Since the Corston Report, the importance of women-only environments for female offenders has been consistently emphasised. Evidence shows that women-centred initiatives providing women-only services work, leading to a reduction in arrests, a reduction in prosecutions and a reduction in the number of women sent to immediate custody.

The Female Offender Strategy published in 2018 makes an evidence-based case for addressing the distinct needs of women in the criminal justice system, who have worse outcomes than men. This commitment to delivering better custody for women in prison includes a focus on improving safety and becoming ‘trauma-informed’. Trauma-informed approaches recognise the profound effects that previous trauma may have and seeks to avoid re-traumatising through institutional practices, such as exclusion, seclusion, restraint or force.

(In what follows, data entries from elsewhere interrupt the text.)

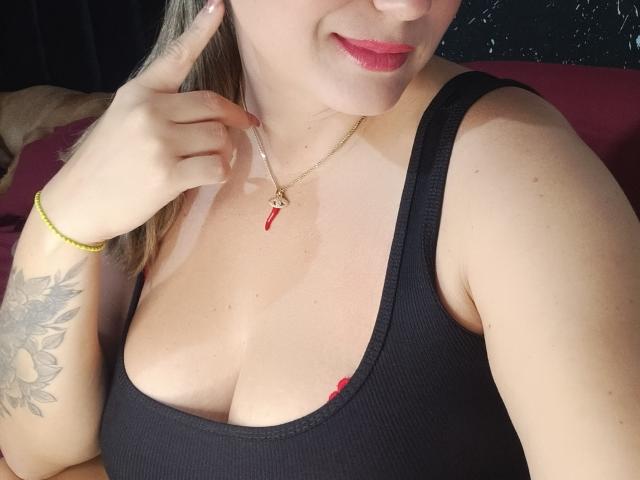AlexaHotSeins - Live sex cam - 30133124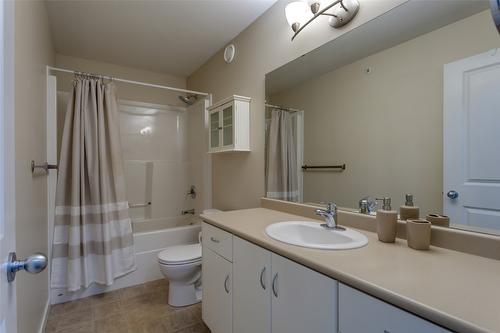 205A-1475 Glenmore Road, Kelowna, BC - Indoor Photo Showing Bathroom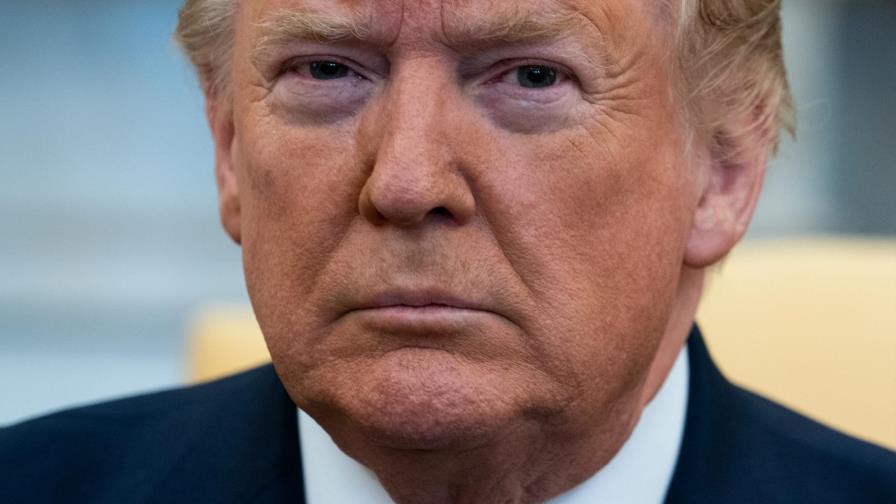 Trump insinúa que no firmaría paquete de ayuda por COVID-19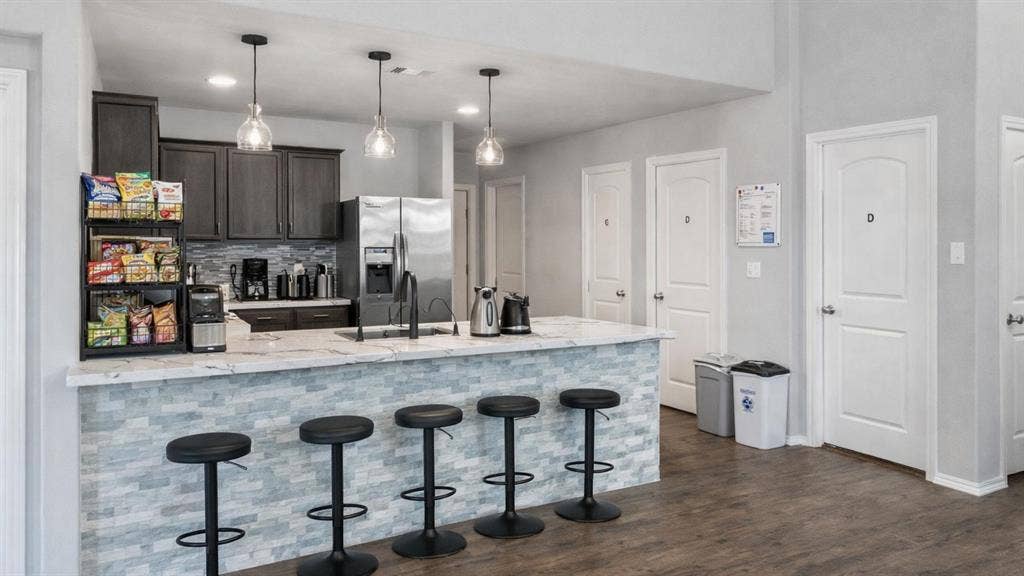 5 BR in Katy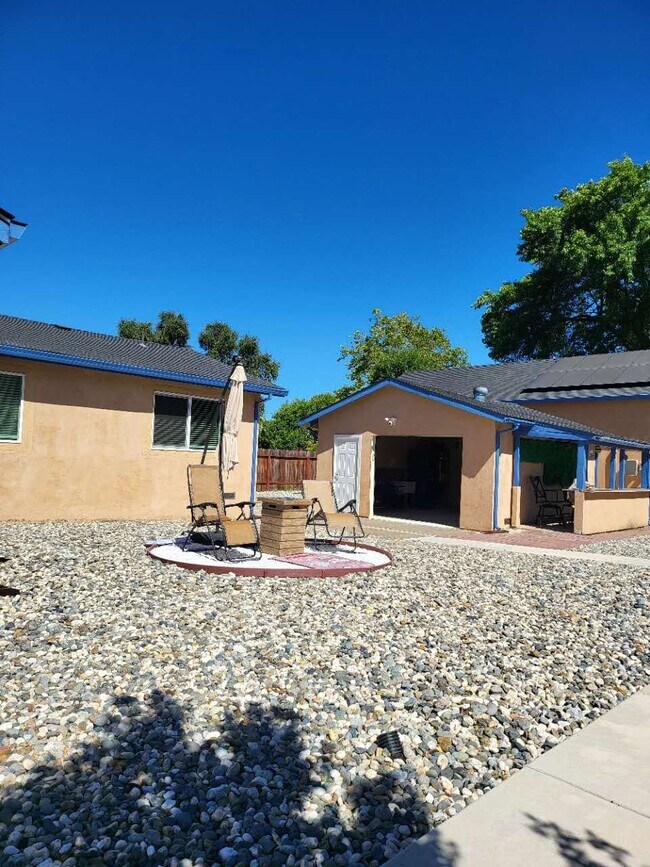 Building Photo - 307 Livoti Ave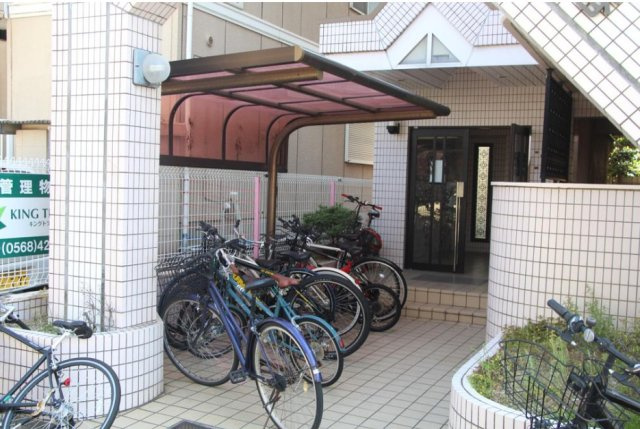 愛知県北名古屋市1棟不動産投資用売りマンション【サンビーム西春】の駐輪場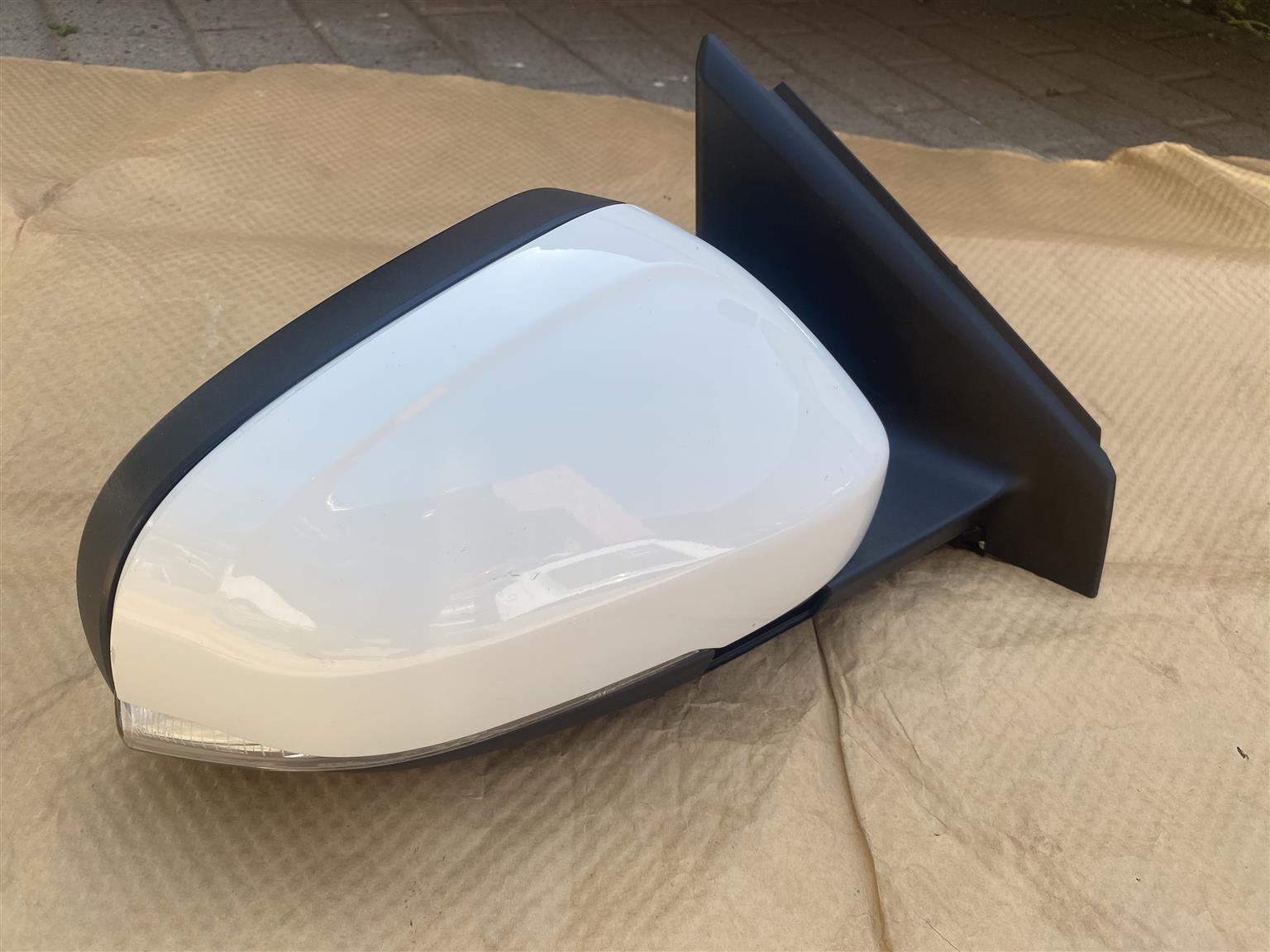 2017 VOLVO V40 ELECTRONIC AUTO-FOLD DOOR MIRROR RIGHT SIDE FOR SALE - Private Seller 2017 VOLVO V40 ELECTRONIC AUTO-FOLD DOOR MIRROR RIGHT SIDE FOR SALE - Private Seller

However, a report published by the National Audit Office in January 2022 gave a damning critique of how the Female Offender Strategy has been implemented and its impact assessed, concluding that whilst there was clear value in the aims of the Female Offender Strategy, the MoJ has not prioritised investment in the programme and that there has only been limited progress in implementing the strategy. Several aspects of programme management and accountability including setting aims, governance and monitoring/evaluation arrangements were judged to be weak. As a result, the MoJ can only have a poor understanding of the impact of the programme’s interventions, meaning that evidence-based funding decisions cannot be made.

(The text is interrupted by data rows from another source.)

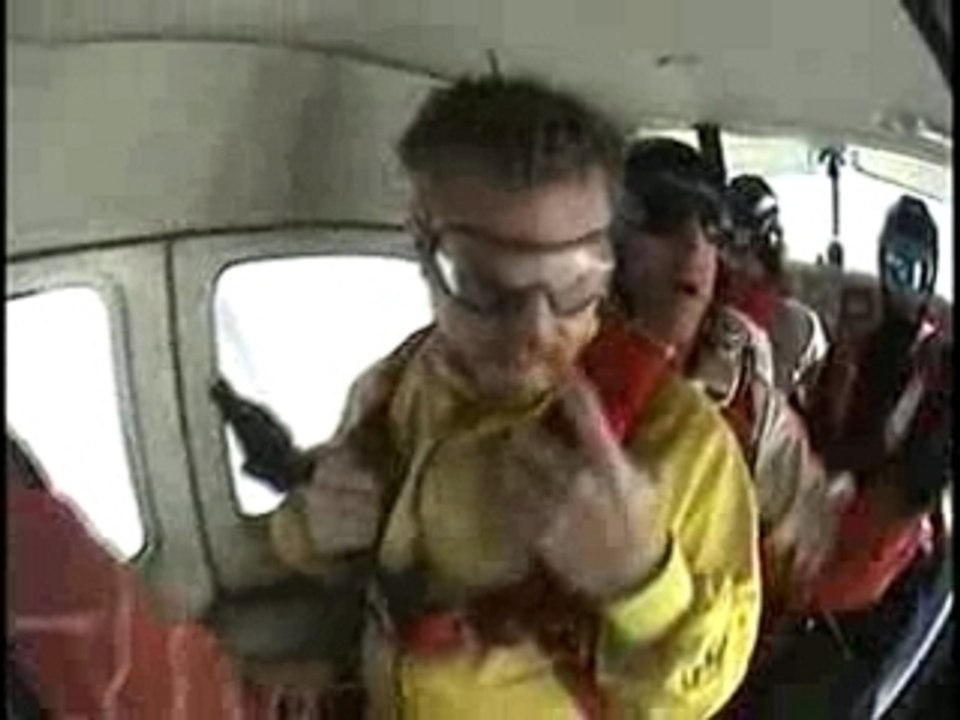 PARACHUTE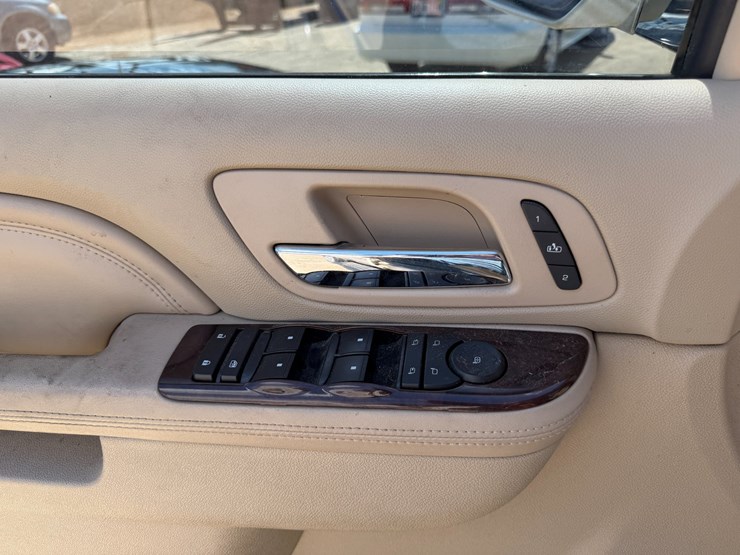 2007-cadillac-escalade-image-92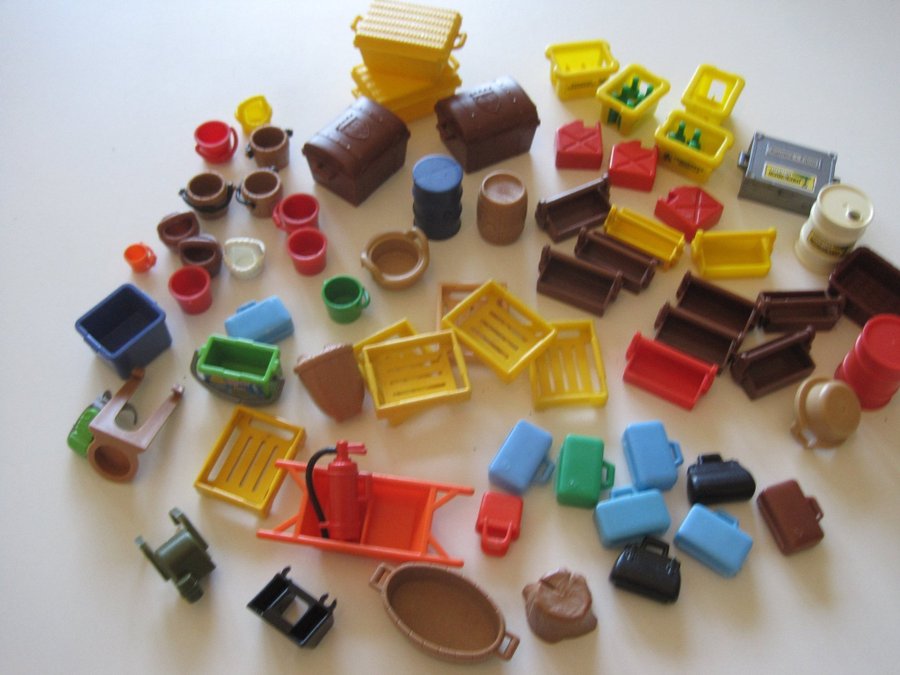 Playmobil Accessories suitcases bottles bags buckets and loads more!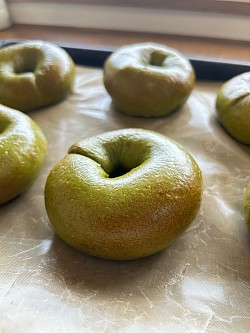 抹茶＆ホワイトチョコベーグル　¥300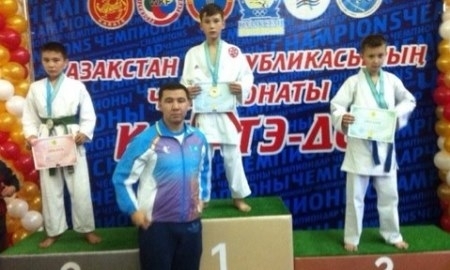 Двое юных каратистов из ЗКО завоевали золото на чемпионате Казахстана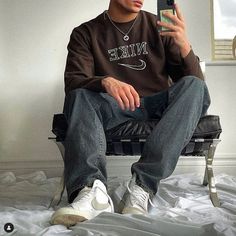 Grey Outfit Men Aesthetic, Vintage Nike Crewneck Outfit, Jeans And Crewneck Outfit Men, Guys Crewneck Outfit, Baggy Crewneck Outfit Men, Guy Fits Casual Winter, Guys Clothing Styles Winter, Crewneck Sweatshirt Outfit Men, Rain Outfit Men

The National Audit Office report was also critical of the basis upon which the decision had been made to build an extra 500 places in the female estate, as part of the government commitment to building additional prison capacity. This calculation had not factored in the Female Offender Strategy aim of having fewer women in custody.

In the meantime, women in prison remain vulnerable and at risk, with provision in some parts of the female estate extremely poor. An HM Inspectorate of Prisons inspection of HMP Foston Hall in 2021 found significant concerns around safety outcomes with early days provision assessed as being particularly lacking. Levels of self-harm were the highest in the female estate, yet no strategy was in place to reduce this and very vulnerable women were left with no plans to direct their care. Thirty percent of women reported feeling unsafe. The use of segregation was found to be very high, with inadequate oversight and record-keeping. Many women were segregated whilst there were concerns about self-harming. Messages on the prisons crisis hotline had not been checked for 6 weeks and women were making 1,000 calls to the Samaritans each month: the prison capacity is 283.

WOMEN PRISONERS NEED SINGLE-SEX PRISONS AND SERVICES

Women prisoners are entitled to single-sex prisons for the same reason that all women and girls are entitled to single-sex spaces and services: for reasons of dignity, privacy and safety. The right to these is provided for in the single-sex exceptions in the Equality Act (2010) at Schedule 3, paragraphs 26, 27 & 28 and Schedule 23, paragraph 3. Where these are denied, this is arguably a violation of the Article 3 rights of women and girls not to be subjected to inhuman or degrading treatment or punishment (Human Rights Act, 1998).

In our view, whilst traumatised female offenders, many of whom have been the victims of serious physical and sexual abuse, are housed alongside male offenders, who include those convicted of serious violent and sexual offences against women, provision in the female prison estate can never be ‘trauma-informed.’